> ASSIGNMENT
The answer should be an exact repeat of the stretch of material below from the line containing "Photo 2 of 16" through the line containing "Rosario destaca visita".

--- AVAILABLE DATA Enclosed Below ---

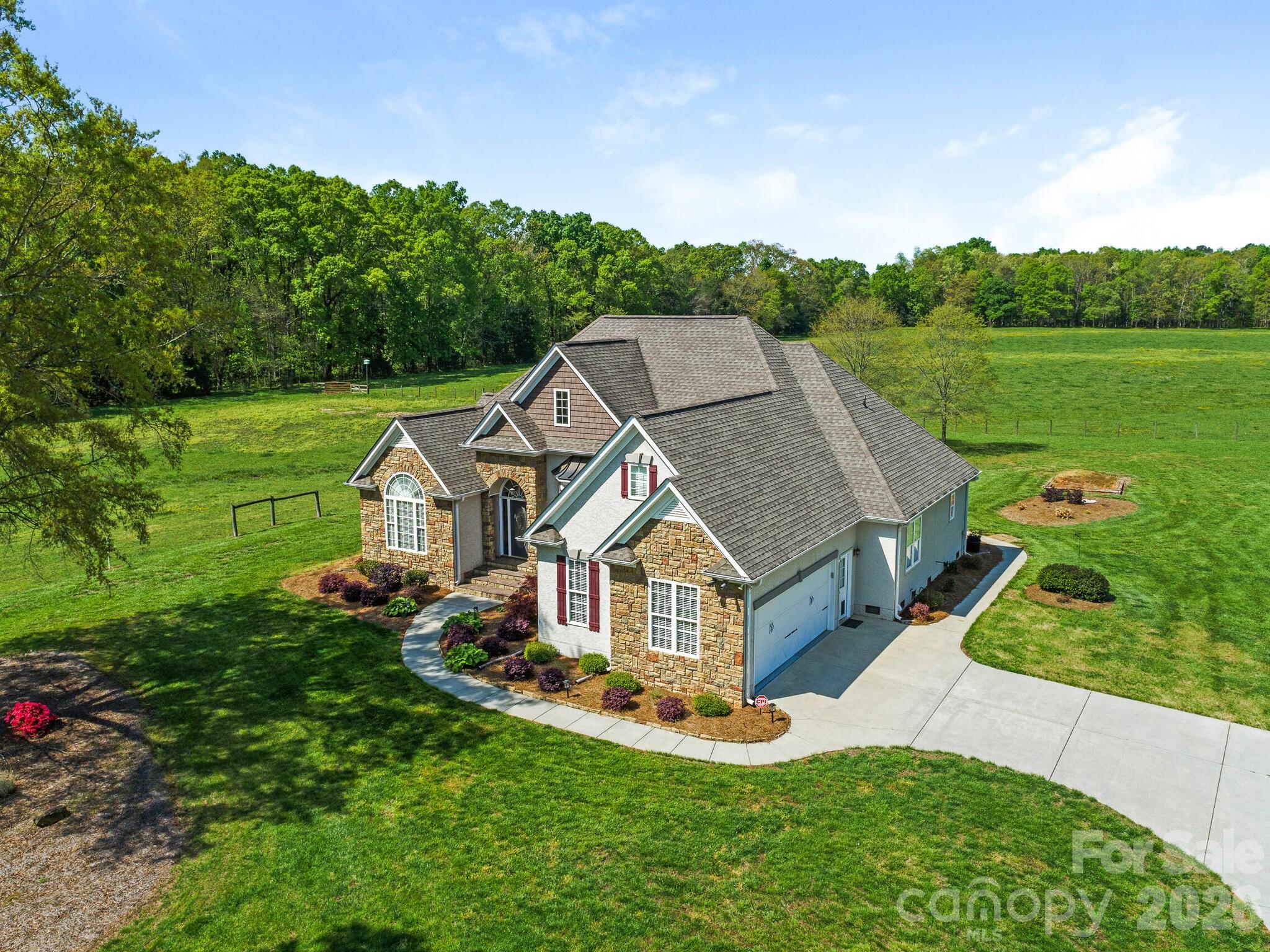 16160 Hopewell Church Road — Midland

--- End of Enclosed AVAILABLE DATA ---
--- AVAILABLE DATA Enclosed Below ---

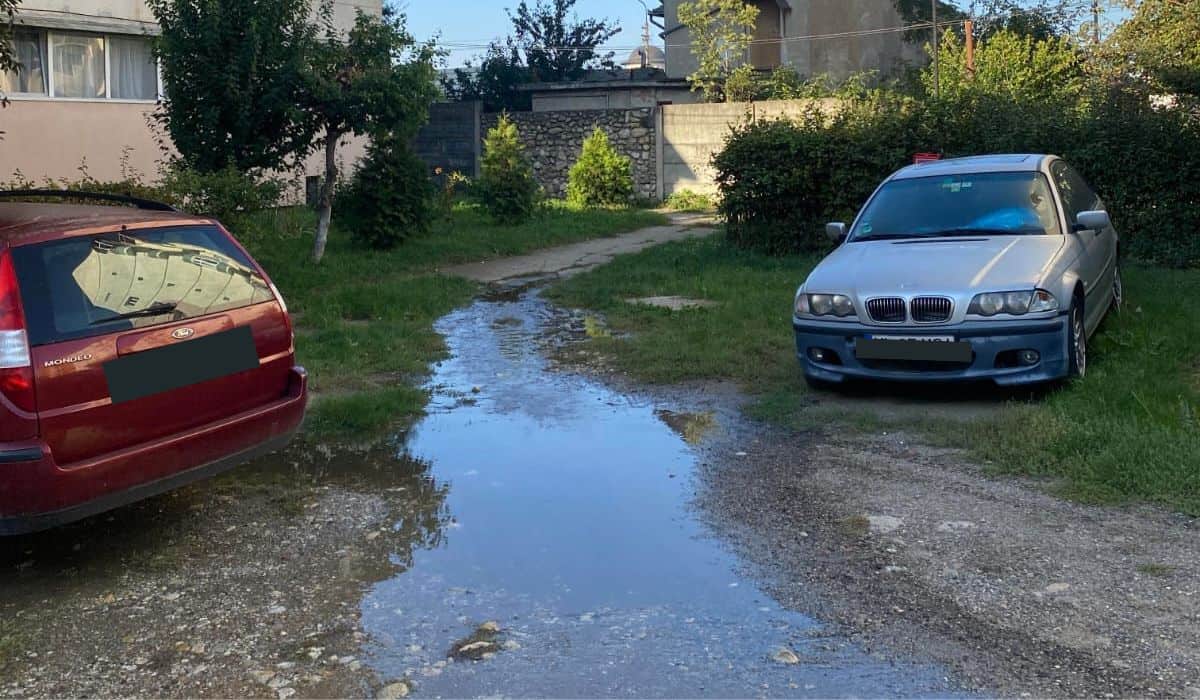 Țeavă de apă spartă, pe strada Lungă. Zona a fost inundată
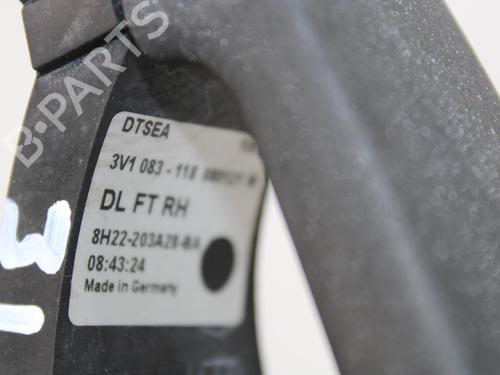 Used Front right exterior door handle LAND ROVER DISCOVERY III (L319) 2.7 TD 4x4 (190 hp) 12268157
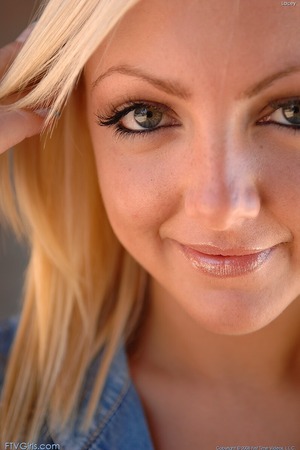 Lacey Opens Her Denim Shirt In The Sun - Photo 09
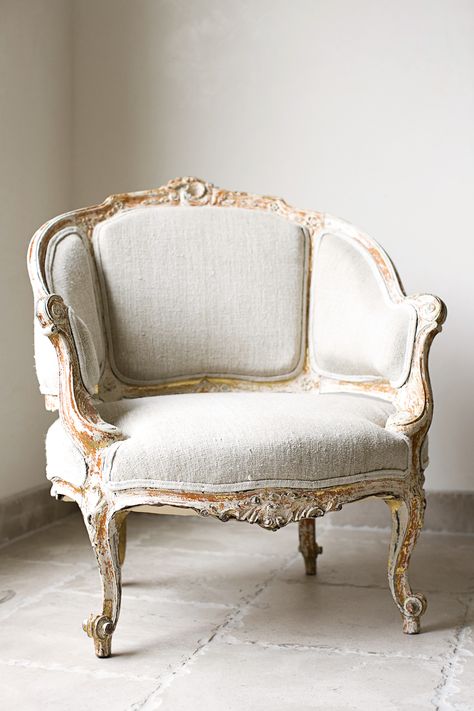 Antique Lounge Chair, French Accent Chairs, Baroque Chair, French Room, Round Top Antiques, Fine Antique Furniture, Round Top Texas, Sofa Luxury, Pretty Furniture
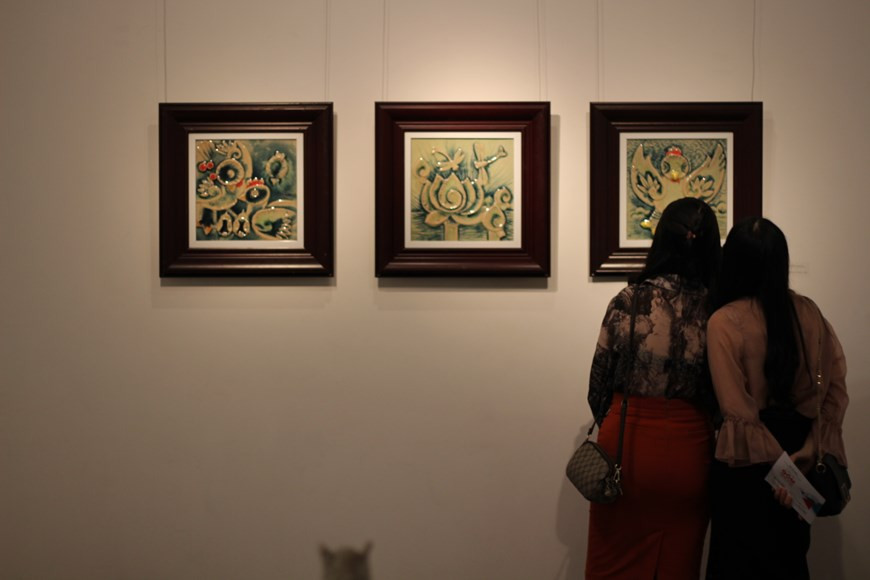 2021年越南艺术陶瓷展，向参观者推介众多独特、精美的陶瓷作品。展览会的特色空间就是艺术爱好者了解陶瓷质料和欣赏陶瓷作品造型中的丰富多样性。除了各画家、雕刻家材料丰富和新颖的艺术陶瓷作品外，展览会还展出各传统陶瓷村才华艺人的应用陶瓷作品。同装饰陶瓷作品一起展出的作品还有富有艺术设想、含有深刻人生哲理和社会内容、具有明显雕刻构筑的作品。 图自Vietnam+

--- End of Enclosed AVAILABLE DATA ---
--- AVAILABLE DATA Enclosed Below ---

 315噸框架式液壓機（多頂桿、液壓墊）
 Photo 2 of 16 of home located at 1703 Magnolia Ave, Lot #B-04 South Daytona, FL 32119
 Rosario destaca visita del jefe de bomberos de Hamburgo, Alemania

--- End of Enclosed AVAILABLE DATA ---

> SOLUTION TO THIS PROBLEM
 Photo 2 of 16 of home located at 1703 Magnolia Ave, Lot #B-04 South Daytona, FL 32119
 Rosario destaca visita del jefe de bomberos de Hamburgo, Alemania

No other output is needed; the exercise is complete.